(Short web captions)
* * * * * * * * *

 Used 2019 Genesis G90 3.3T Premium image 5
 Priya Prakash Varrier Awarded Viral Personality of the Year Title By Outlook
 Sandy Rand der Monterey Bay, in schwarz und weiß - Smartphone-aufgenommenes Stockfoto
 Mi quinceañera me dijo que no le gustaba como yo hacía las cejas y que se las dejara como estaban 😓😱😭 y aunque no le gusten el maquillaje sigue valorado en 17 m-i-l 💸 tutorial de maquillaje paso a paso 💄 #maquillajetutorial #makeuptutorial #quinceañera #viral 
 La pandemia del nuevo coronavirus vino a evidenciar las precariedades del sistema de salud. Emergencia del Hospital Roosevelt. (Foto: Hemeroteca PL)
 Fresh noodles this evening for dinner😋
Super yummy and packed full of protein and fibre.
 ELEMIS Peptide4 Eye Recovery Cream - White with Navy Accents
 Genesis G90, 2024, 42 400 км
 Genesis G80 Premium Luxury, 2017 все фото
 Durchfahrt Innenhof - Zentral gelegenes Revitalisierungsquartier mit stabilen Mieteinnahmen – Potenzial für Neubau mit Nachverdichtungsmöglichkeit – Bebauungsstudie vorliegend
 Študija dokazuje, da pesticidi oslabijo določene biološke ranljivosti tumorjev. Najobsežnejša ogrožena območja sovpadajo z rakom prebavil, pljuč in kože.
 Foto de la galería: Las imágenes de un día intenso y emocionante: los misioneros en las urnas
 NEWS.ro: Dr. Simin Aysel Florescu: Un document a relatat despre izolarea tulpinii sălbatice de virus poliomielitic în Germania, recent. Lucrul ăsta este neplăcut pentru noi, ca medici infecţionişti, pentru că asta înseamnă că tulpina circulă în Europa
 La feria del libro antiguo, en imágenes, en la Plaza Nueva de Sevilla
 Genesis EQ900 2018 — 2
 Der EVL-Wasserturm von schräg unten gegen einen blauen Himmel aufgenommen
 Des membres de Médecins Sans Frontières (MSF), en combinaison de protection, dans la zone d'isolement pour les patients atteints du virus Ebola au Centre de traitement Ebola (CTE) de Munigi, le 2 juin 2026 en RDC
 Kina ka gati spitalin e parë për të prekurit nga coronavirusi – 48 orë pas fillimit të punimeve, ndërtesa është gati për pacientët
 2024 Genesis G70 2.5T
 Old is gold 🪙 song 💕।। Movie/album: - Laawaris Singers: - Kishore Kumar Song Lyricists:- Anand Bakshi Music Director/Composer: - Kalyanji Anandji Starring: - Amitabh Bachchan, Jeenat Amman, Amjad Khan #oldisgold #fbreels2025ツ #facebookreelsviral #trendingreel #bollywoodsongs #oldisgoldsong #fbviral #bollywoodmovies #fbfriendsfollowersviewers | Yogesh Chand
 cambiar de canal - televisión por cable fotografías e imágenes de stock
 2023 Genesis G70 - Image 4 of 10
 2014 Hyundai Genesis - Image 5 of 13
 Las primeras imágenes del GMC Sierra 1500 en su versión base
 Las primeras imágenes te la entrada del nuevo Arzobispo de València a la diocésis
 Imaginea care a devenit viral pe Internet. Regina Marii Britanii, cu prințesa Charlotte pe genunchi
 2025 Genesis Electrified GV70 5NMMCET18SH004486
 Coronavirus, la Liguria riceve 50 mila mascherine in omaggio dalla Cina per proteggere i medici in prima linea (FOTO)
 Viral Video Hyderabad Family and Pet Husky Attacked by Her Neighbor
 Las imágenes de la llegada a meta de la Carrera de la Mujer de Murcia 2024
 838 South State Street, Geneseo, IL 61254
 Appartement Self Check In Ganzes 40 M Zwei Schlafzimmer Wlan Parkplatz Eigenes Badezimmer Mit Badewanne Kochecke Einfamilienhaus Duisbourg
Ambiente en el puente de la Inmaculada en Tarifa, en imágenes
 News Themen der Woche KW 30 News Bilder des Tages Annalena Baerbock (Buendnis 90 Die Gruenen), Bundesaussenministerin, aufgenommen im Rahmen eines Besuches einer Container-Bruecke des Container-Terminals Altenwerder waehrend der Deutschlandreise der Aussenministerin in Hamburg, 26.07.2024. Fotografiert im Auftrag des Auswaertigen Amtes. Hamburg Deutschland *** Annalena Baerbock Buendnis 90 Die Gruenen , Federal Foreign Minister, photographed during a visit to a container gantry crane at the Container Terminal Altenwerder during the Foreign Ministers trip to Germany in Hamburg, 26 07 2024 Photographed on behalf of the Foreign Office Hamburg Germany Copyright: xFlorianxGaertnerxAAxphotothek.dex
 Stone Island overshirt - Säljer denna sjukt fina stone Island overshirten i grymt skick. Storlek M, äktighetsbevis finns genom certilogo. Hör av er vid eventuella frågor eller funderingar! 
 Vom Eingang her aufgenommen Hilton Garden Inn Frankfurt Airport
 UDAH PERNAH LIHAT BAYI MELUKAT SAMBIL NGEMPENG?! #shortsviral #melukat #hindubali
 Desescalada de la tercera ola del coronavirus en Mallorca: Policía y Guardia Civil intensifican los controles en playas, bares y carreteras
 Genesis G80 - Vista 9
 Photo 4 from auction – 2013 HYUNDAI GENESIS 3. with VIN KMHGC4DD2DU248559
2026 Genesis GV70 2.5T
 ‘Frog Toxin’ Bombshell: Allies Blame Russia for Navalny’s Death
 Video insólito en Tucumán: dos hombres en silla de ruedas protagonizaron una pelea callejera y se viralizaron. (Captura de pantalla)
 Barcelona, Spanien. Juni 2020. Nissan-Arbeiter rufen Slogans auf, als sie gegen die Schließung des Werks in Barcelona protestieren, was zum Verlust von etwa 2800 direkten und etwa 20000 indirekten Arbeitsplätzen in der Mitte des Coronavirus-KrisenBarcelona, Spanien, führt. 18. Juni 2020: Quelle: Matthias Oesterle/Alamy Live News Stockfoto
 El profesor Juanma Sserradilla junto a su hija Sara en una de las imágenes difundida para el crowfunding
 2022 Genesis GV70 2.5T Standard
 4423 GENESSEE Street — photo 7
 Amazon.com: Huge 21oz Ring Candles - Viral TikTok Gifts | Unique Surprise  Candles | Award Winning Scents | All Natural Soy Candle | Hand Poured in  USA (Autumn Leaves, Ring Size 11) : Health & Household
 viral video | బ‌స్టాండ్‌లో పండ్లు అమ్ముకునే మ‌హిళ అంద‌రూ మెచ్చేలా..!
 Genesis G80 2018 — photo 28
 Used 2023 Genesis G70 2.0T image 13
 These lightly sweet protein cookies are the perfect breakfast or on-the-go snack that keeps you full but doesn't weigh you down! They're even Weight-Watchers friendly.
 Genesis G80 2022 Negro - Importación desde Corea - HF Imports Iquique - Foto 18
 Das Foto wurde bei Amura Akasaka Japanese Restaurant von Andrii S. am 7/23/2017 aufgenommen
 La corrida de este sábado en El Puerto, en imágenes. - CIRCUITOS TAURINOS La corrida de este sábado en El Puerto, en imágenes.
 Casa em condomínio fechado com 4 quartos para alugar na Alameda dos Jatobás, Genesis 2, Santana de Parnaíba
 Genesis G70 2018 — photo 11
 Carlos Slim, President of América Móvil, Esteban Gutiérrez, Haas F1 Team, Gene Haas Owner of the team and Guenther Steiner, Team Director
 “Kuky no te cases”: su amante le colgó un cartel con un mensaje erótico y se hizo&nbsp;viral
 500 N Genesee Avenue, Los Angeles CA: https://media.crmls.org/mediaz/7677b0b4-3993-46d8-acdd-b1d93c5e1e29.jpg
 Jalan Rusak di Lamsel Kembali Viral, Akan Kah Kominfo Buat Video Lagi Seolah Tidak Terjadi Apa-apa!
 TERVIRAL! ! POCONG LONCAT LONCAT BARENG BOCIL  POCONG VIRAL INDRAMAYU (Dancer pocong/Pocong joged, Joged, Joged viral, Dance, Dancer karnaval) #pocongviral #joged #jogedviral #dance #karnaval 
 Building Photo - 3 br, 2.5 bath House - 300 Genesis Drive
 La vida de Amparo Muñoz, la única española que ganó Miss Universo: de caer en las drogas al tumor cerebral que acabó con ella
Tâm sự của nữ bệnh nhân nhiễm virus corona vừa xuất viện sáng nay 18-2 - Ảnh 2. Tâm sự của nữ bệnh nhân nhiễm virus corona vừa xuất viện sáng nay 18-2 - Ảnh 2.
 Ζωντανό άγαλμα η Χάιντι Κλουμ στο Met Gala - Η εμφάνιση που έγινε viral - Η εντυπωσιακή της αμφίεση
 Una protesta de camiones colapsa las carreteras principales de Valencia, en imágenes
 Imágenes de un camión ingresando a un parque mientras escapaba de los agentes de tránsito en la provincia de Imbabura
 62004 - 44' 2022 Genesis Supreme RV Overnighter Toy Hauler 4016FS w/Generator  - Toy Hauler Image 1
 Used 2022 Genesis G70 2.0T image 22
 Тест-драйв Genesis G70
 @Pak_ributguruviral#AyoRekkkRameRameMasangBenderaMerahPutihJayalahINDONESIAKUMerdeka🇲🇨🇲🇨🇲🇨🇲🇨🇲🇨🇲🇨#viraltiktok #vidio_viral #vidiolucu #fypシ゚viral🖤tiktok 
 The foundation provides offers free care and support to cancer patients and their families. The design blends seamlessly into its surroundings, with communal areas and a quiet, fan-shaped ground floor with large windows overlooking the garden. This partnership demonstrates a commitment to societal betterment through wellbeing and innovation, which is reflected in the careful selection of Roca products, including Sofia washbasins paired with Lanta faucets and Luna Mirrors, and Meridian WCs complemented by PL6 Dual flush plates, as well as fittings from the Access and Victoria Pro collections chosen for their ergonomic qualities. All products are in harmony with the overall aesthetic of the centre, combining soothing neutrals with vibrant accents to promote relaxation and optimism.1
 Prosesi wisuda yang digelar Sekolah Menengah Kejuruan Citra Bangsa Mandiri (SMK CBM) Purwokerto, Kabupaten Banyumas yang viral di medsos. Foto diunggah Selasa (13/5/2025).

* * * * * * * * *

__Exercise description__
The response must hold only the lines above from the line with "Genesis G80 2018 — photo 28" through the line with "Imágenes de un camión", each copied exactly, both ends kept.

__Answer to the problem__
 Genesis G80 2018 — photo 28
 Used 2023 Genesis G70 2.0T image 13
 These lightly sweet protein cookies are the perfect breakfast or on-the-go snack that keeps you full but doesn't weigh you down! They're even Weight-Watchers friendly.
 Genesis G80 2022 Negro - Importación desde Corea - HF Imports Iquique - Foto 18
 Das Foto wurde bei Amura Akasaka Japanese Restaurant von Andrii S. am 7/23/2017 aufgenommen
 La corrida de este sábado en El Puerto, en imágenes. - CIRCUITOS TAURINOS La corrida de este sábado en El Puerto, en imágenes.
 Casa em condomínio fechado com 4 quartos para alugar na Alameda dos Jatobás, Genesis 2, Santana de Parnaíba
 Genesis G70 2018 — photo 11
 Carlos Slim, President of América Móvil, Esteban Gutiérrez, Haas F1 Team, Gene Haas Owner of the team and Guenther Steiner, Team Director
 “Kuky no te cases”: su amante le colgó un cartel con un mensaje erótico y se hizo&nbsp;viral
 500 N Genesee Avenue, Los Angeles CA: https://media.crmls.org/mediaz/7677b0b4-3993-46d8-acdd-b1d93c5e1e29.jpg
 Jalan Rusak di Lamsel Kembali Viral, Akan Kah Kominfo Buat Video Lagi Seolah Tidak Terjadi Apa-apa!
 TERVIRAL! ! POCONG LONCAT LONCAT BARENG BOCIL  POCONG VIRAL INDRAMAYU (Dancer pocong/Pocong joged, Joged, Joged viral, Dance, Dancer karnaval) #pocongviral #joged #jogedviral #dance #karnaval 
 Building Photo - 3 br, 2.5 bath House - 300 Genesis Drive
 La vida de Amparo Muñoz, la única española que ganó Miss Universo: de caer en las drogas al tumor cerebral que acabó con ella
Tâm sự của nữ bệnh nhân nhiễm virus corona vừa xuất viện sáng nay 18-2 - Ảnh 2. Tâm sự của nữ bệnh nhân nhiễm virus corona vừa xuất viện sáng nay 18-2 - Ảnh 2.
 Ζωντανό άγαλμα η Χάιντι Κλουμ στο Met Gala - Η εμφάνιση που έγινε viral - Η εντυπωσιακή της αμφίεση
 Una protesta de camiones colapsa las carreteras principales de Valencia, en imágenes
 Imágenes de un camión ingresando a un parque mientras escapaba de los agentes de tránsito en la provincia de Imbabura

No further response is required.